- **Aim of the exercise**: Starting with the line that has "Puma Skyrocket Lite" in the records below and ending with the line that has "Mercedes-Benz Vito 116", output those lines exactly and nothing more; omit the pictures.

- **Given information**:
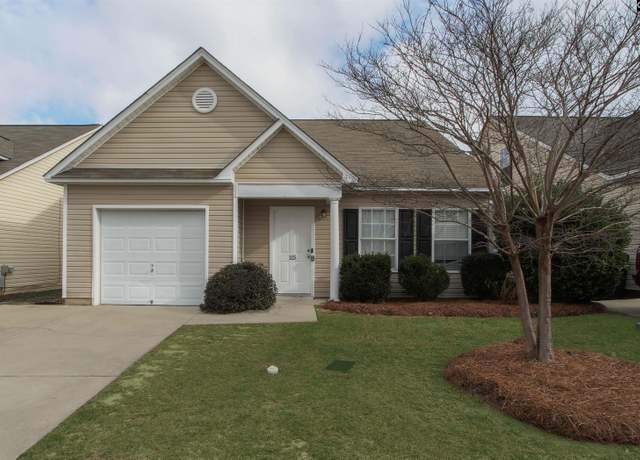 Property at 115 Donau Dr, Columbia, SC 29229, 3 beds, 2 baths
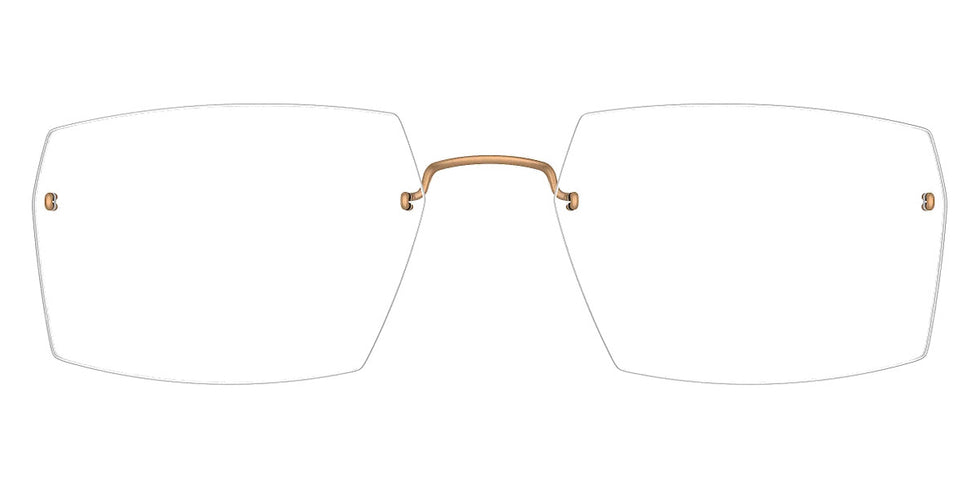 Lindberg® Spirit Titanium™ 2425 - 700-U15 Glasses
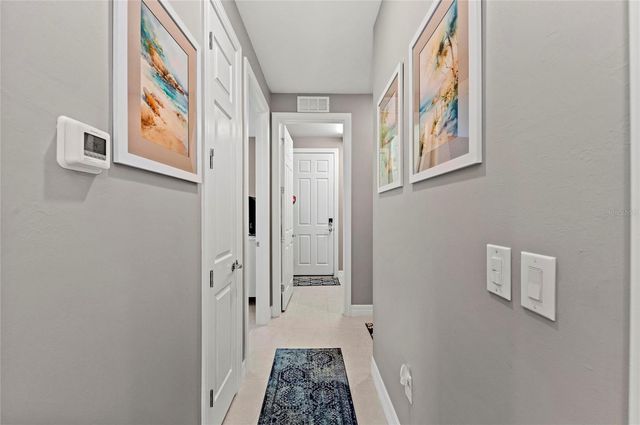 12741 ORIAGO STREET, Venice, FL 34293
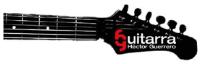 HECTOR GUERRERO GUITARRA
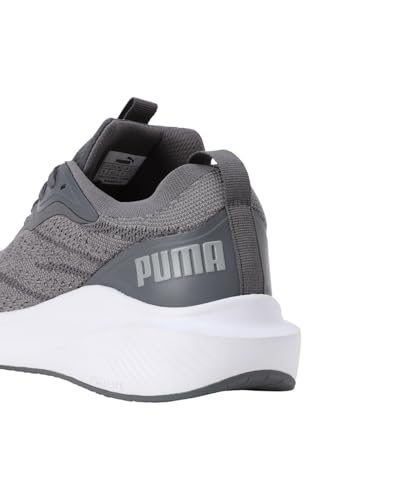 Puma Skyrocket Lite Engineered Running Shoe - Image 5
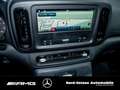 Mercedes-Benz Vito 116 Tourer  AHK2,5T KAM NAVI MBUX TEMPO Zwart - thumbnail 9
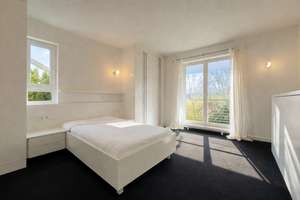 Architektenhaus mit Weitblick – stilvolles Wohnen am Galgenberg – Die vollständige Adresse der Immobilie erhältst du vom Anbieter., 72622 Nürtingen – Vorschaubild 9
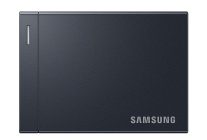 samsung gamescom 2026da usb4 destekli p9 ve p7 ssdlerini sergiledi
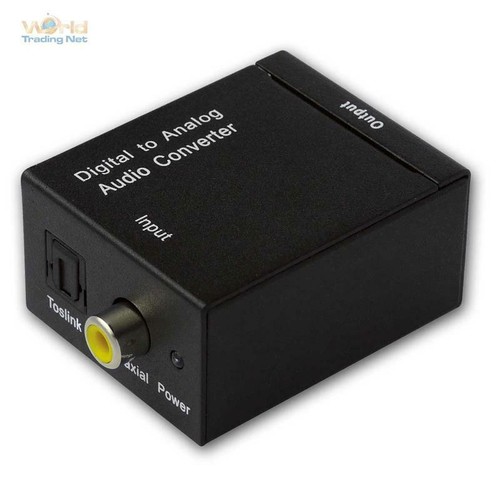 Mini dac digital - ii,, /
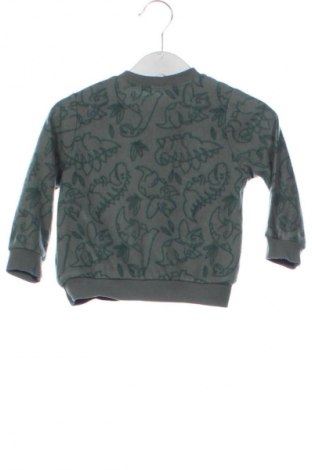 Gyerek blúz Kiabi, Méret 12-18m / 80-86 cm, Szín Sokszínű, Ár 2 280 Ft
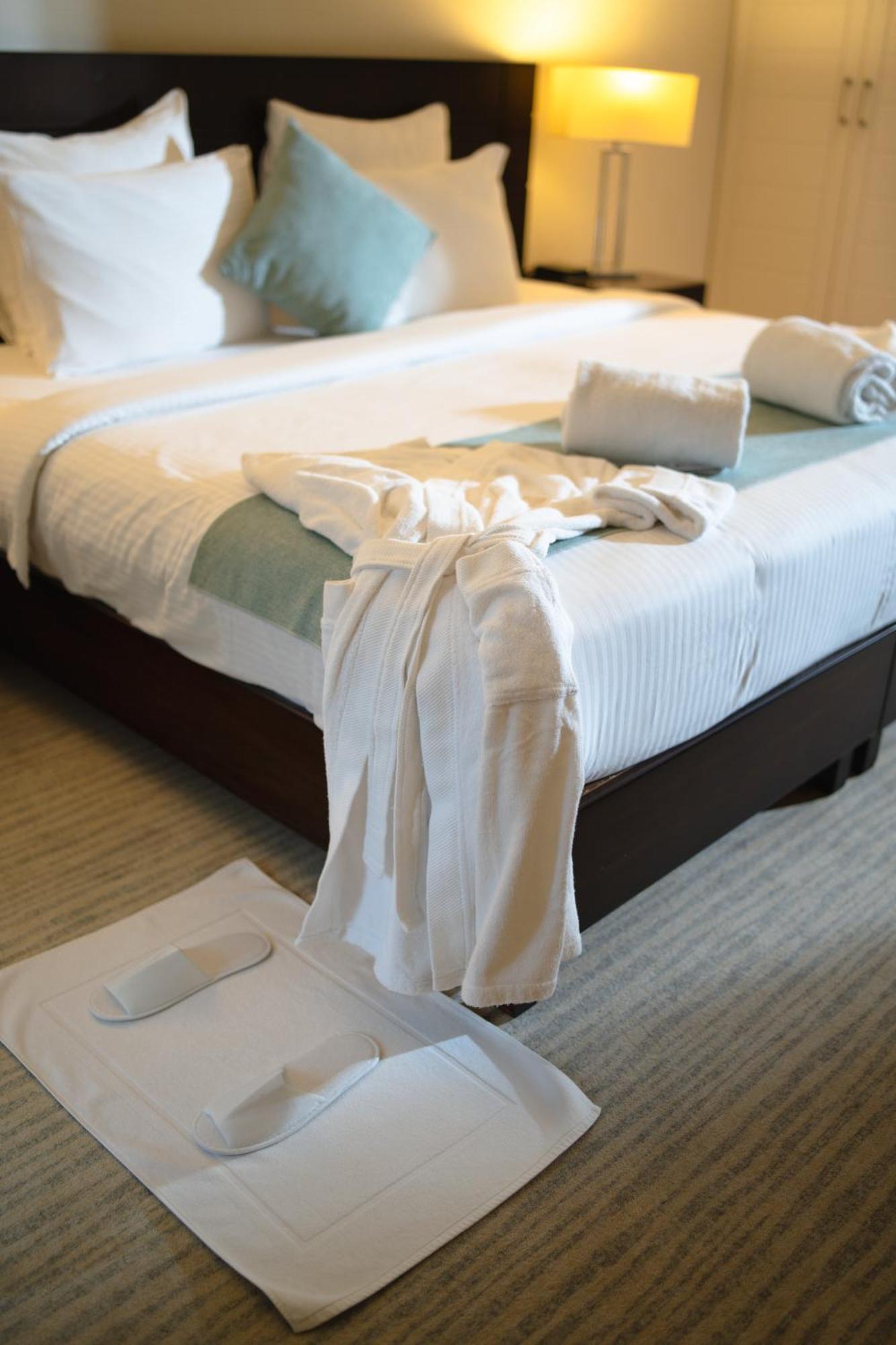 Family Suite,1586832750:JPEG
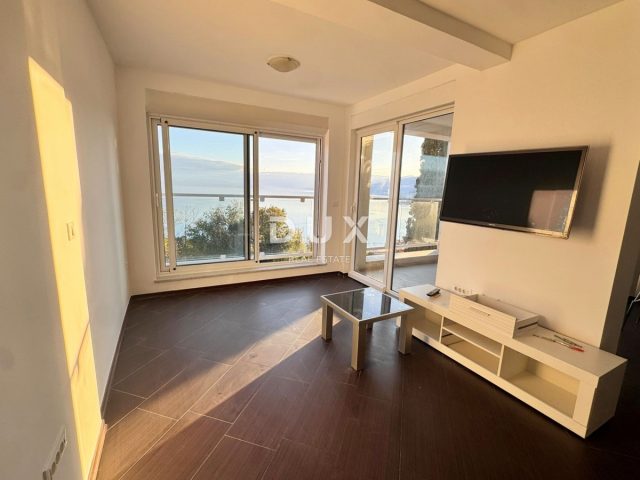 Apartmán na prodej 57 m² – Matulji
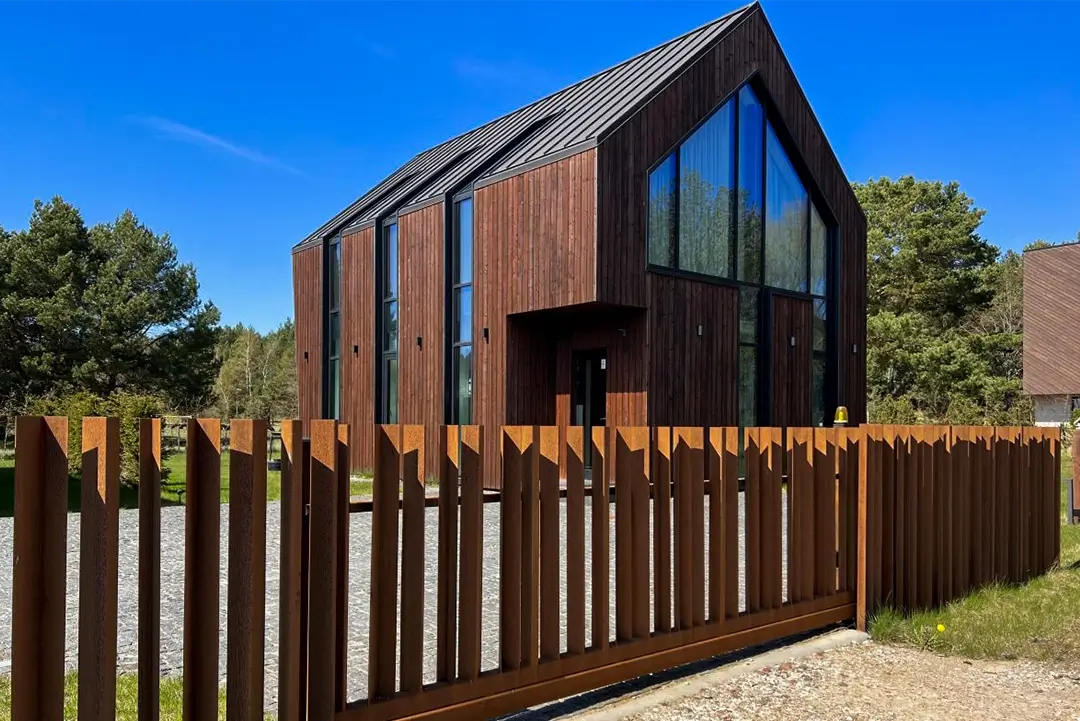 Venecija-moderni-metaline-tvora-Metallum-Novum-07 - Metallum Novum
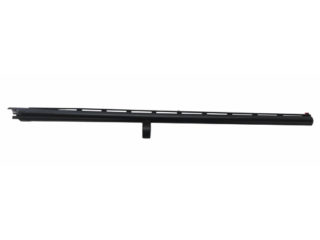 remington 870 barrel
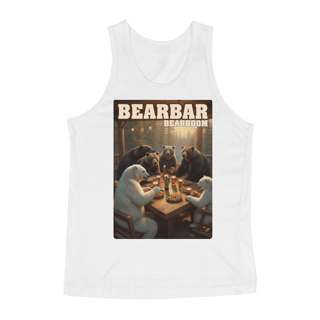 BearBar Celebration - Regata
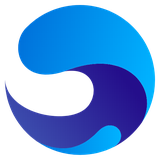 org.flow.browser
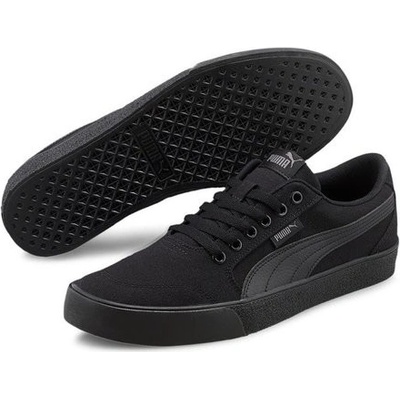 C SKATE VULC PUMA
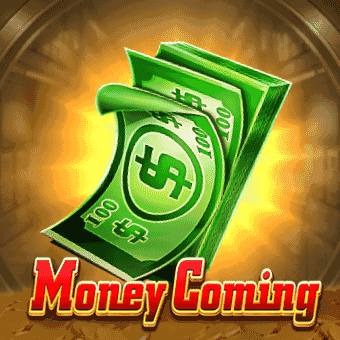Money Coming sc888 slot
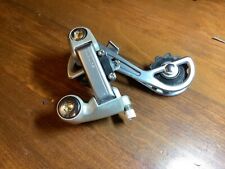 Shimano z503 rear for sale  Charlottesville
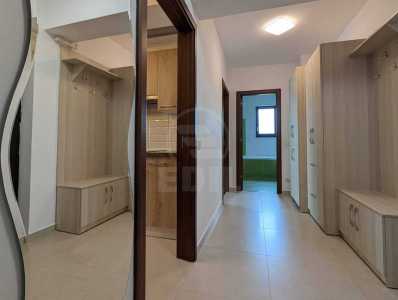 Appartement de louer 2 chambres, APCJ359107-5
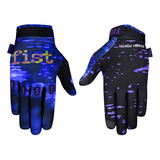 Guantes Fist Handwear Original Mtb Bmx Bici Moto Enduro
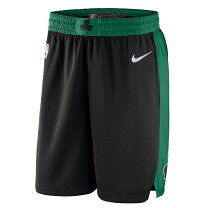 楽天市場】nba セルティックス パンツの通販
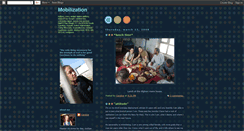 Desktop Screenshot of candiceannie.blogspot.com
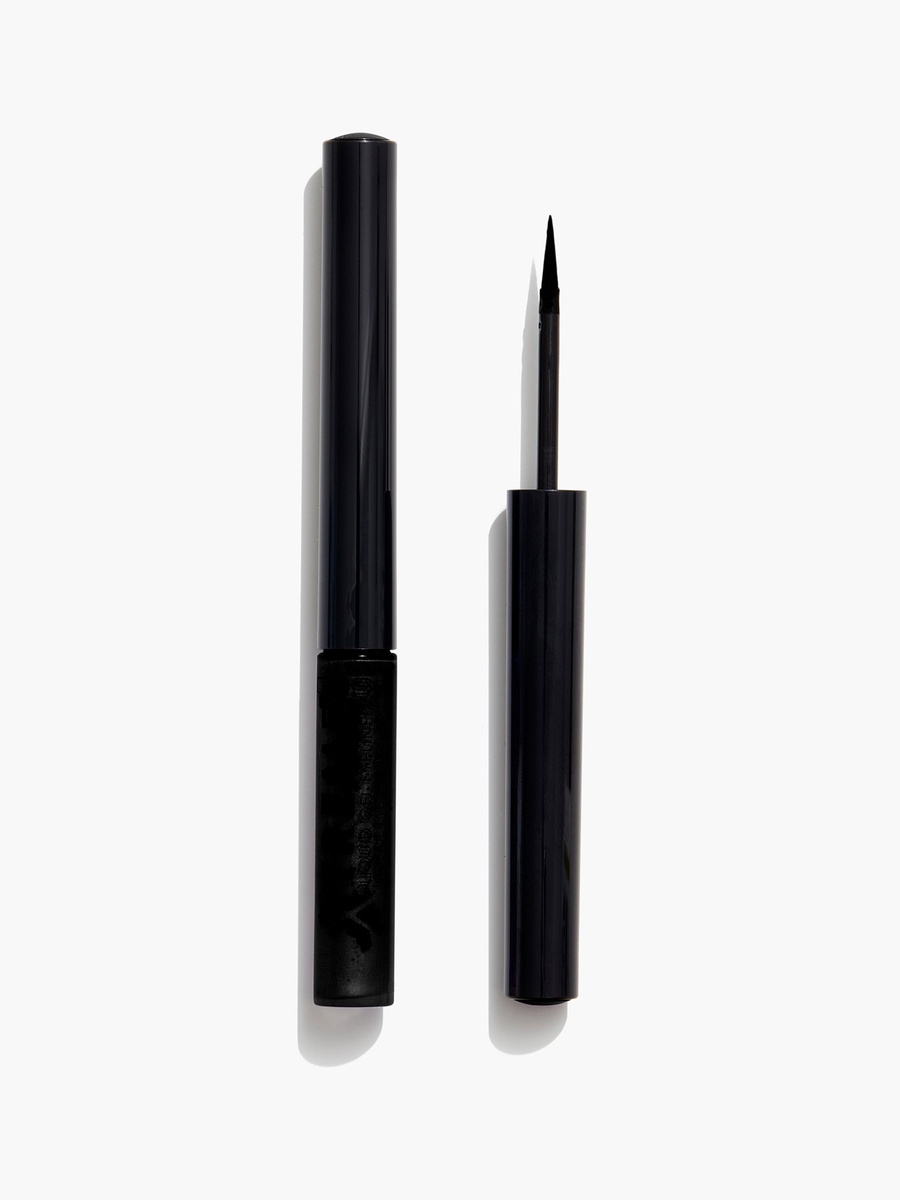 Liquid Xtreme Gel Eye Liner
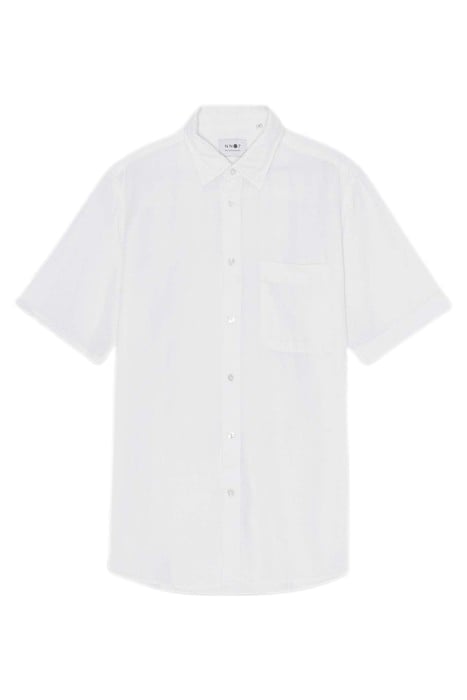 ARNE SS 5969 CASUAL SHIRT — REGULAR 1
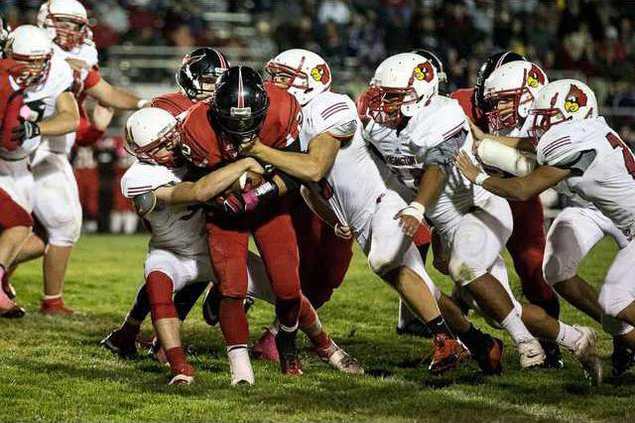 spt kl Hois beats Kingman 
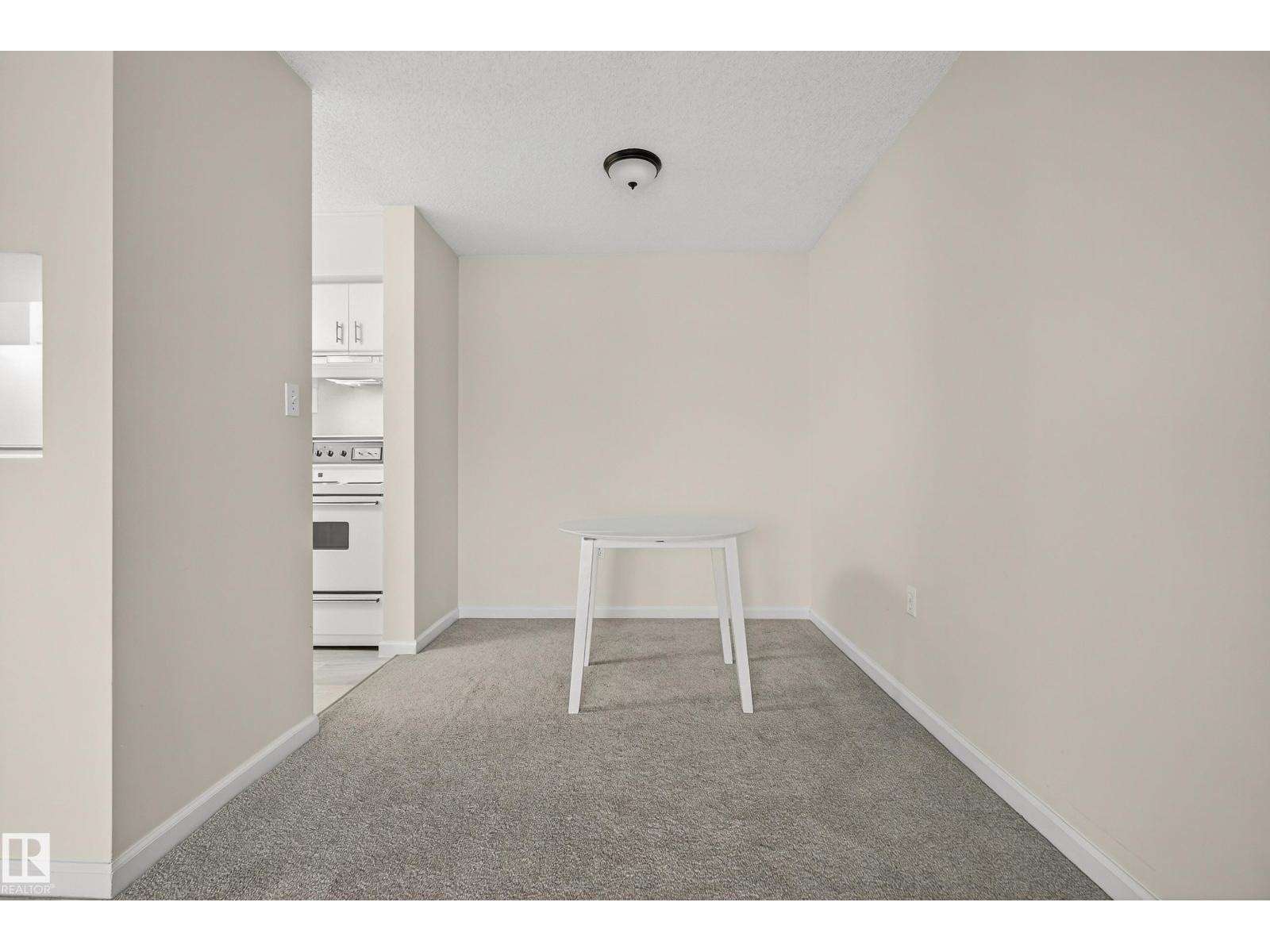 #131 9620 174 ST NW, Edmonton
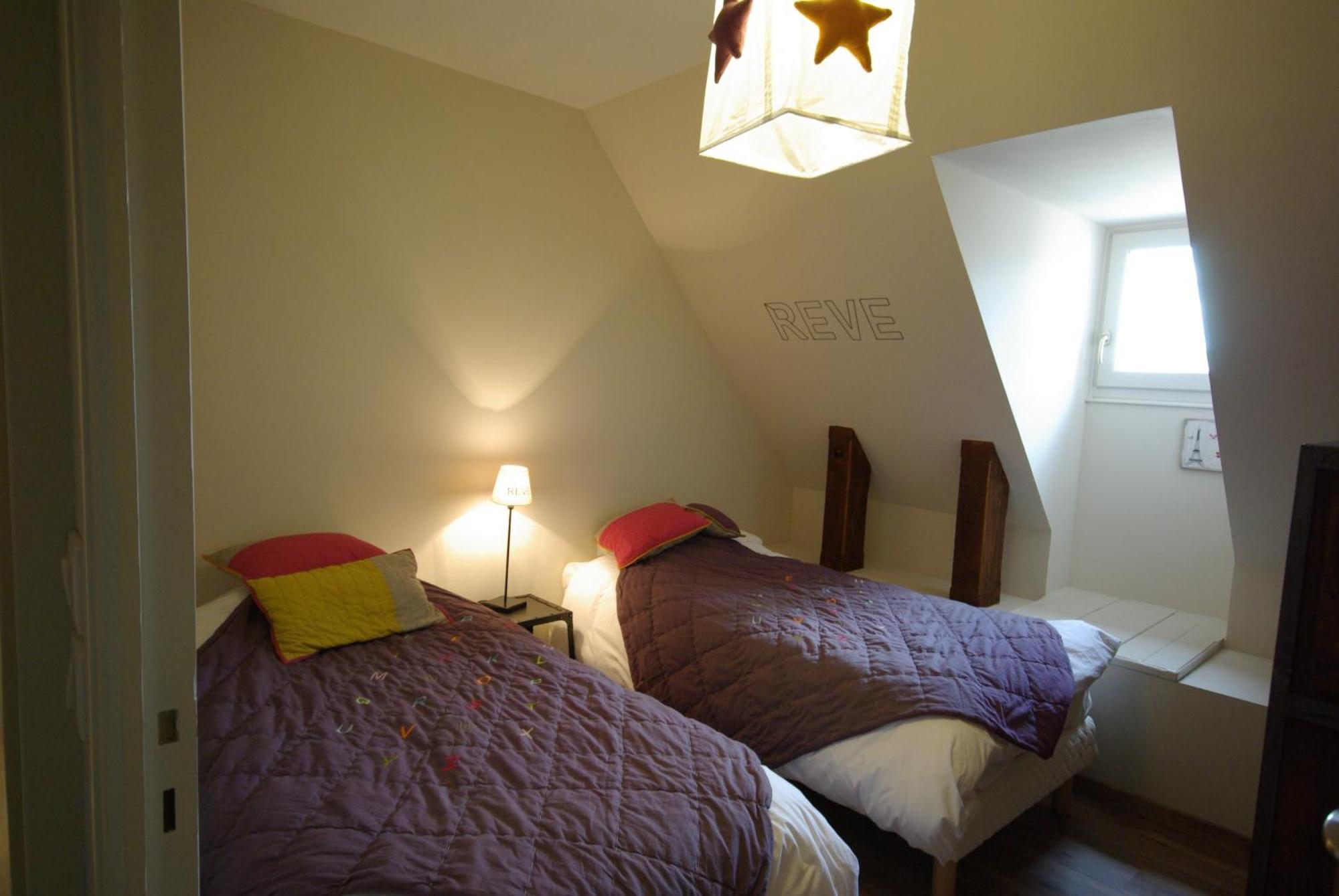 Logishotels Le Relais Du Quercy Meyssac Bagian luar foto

- **Solution for this problem**:
 Puma Skyrocket Lite Engineered Running Shoe - Image 5
 Mercedes-Benz Vito 116 Tourer  AHK2,5T KAM NAVI MBUX TEMPO Zwart - thumbnail 9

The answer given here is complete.